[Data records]
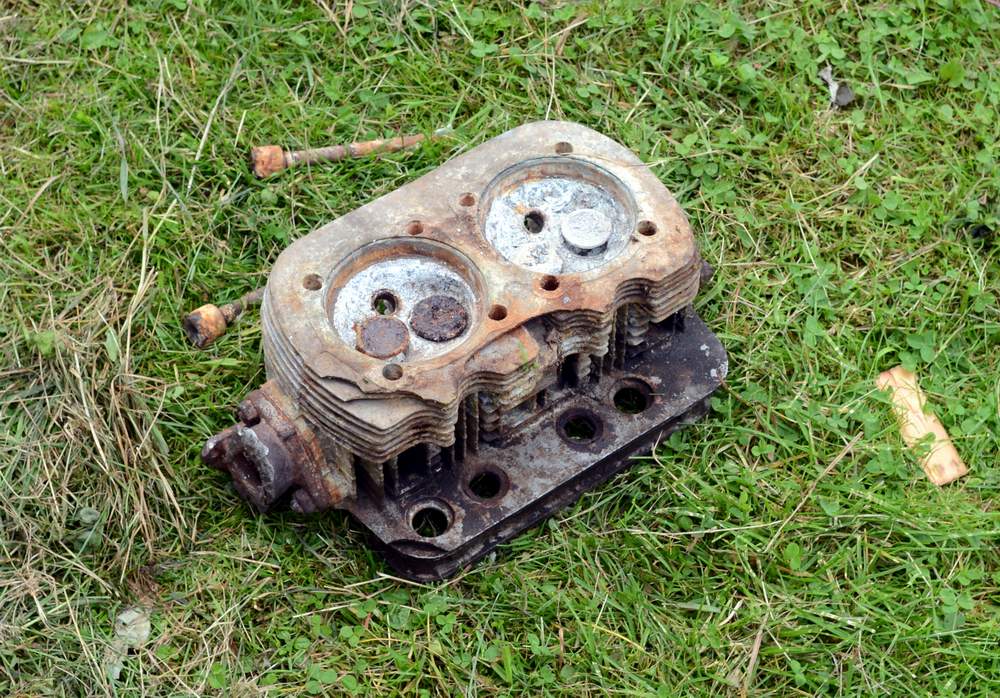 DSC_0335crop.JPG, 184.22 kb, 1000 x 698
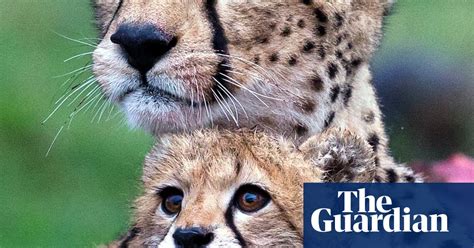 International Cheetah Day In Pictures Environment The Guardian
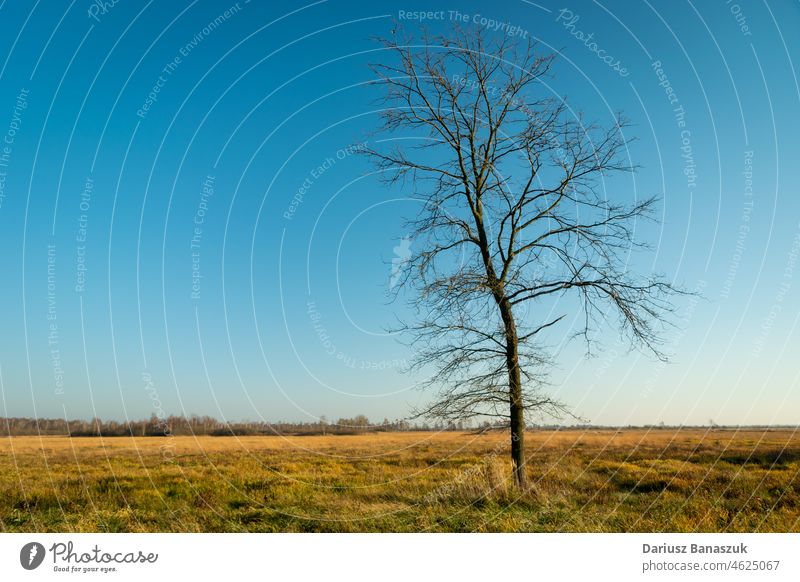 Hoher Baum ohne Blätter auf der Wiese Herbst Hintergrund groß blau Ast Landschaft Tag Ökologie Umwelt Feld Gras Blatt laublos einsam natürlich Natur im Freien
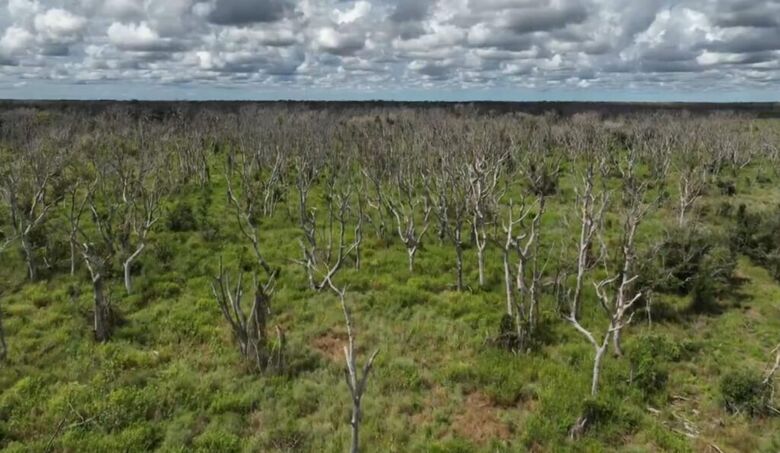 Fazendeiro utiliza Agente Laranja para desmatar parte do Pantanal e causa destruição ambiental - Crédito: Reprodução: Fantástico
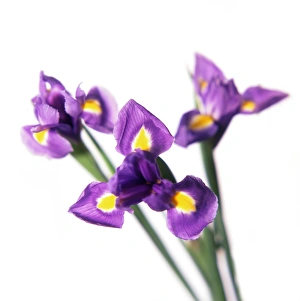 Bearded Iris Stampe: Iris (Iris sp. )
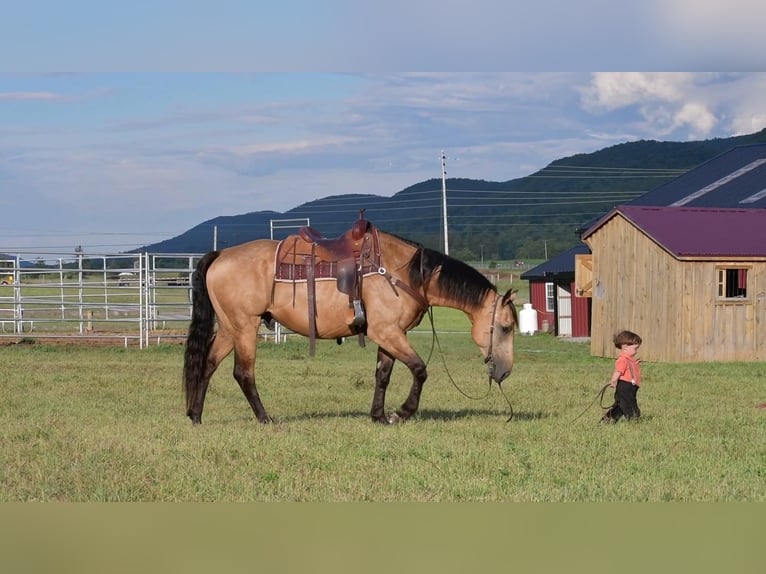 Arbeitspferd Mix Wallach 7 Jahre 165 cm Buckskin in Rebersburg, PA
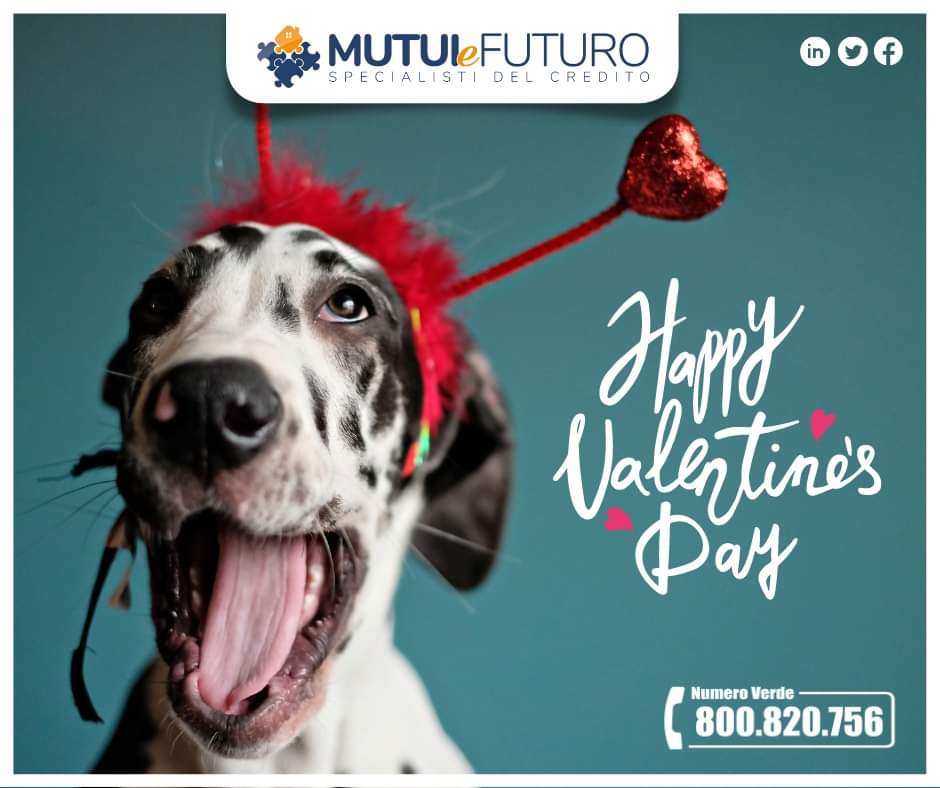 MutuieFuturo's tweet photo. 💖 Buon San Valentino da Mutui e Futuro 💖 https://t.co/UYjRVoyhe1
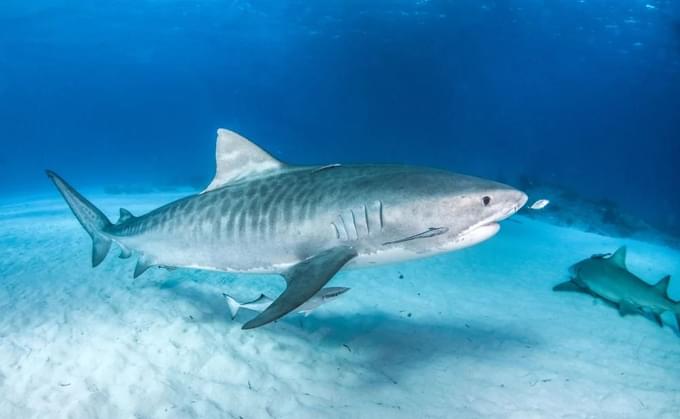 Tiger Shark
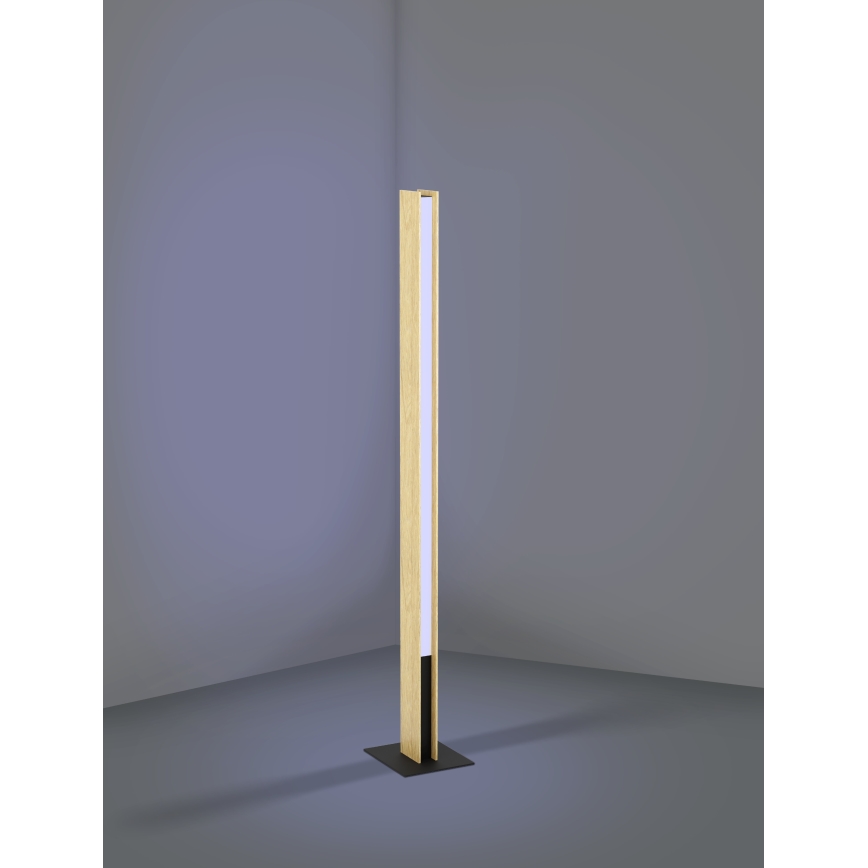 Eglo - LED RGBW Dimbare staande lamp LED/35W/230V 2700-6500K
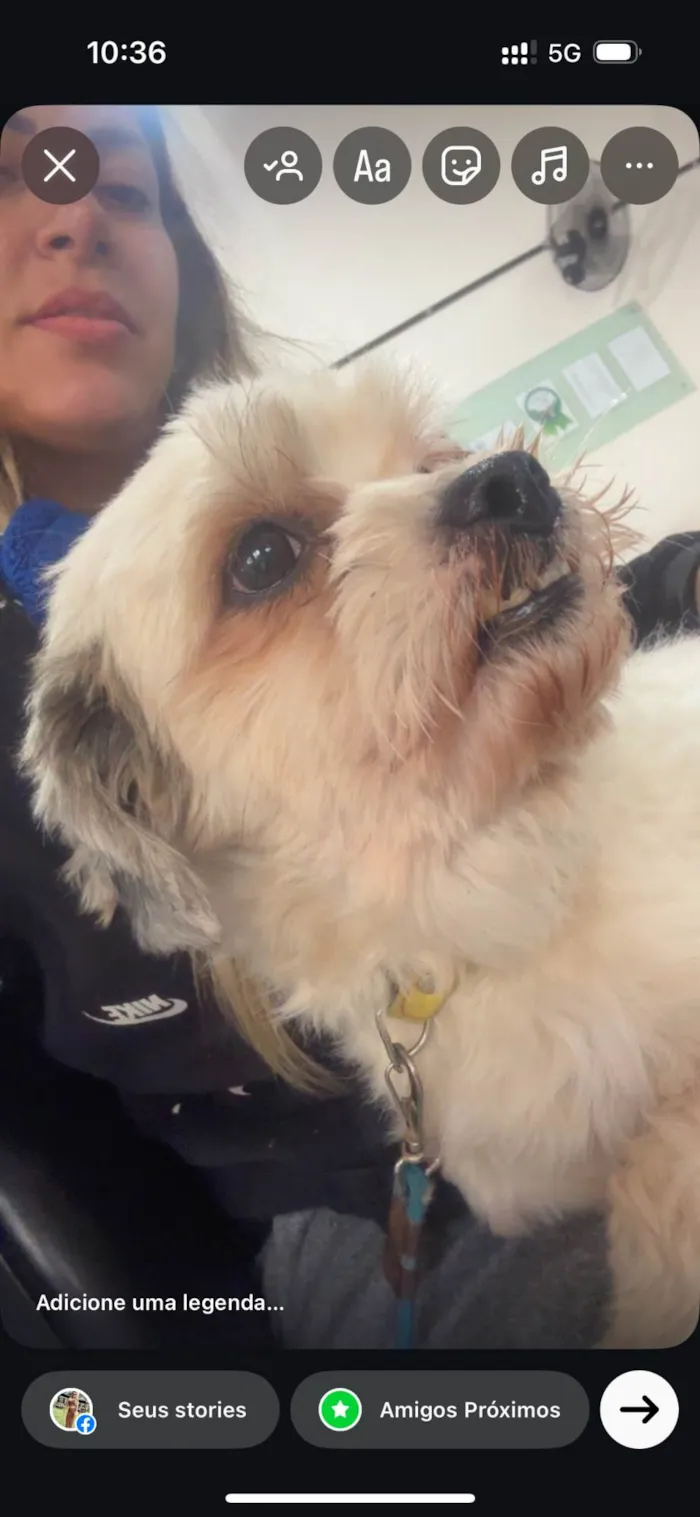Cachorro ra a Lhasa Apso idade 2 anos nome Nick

## Exercise details
Every entry is to be reproduced word for word, and no image is carried over.

## Solution for this task
 DSC_0335crop.JPG, 184.22 kb, 1000 x 698
 International Cheetah Day In Pictures Environment The Guardian
 Hoher Baum ohne Blätter auf der Wiese Herbst Hintergrund groß blau Ast Landschaft Tag Ökologie Umwelt Feld Gras Blatt laublos einsam natürlich Natur im Freien
 Fazendeiro utiliza Agente Laranja para desmatar parte do Pantanal e causa destruição ambiental - Crédito: Reprodução: Fantástico
 Bearded Iris Stampe: Iris (Iris sp. )
 Arbeitspferd Mix Wallach 7 Jahre 165 cm Buckskin in Rebersburg, PA
 MutuieFuturo's tweet photo. 💖 Buon San Valentino da Mutui e Futuro 💖 https://t.co/UYjRVoyhe1
 Tiger Shark
 Eglo - LED RGBW Dimbare staande lamp LED/35W/230V 2700-6500K
Cachorro ra a Lhasa Apso idade 2 anos nome Nick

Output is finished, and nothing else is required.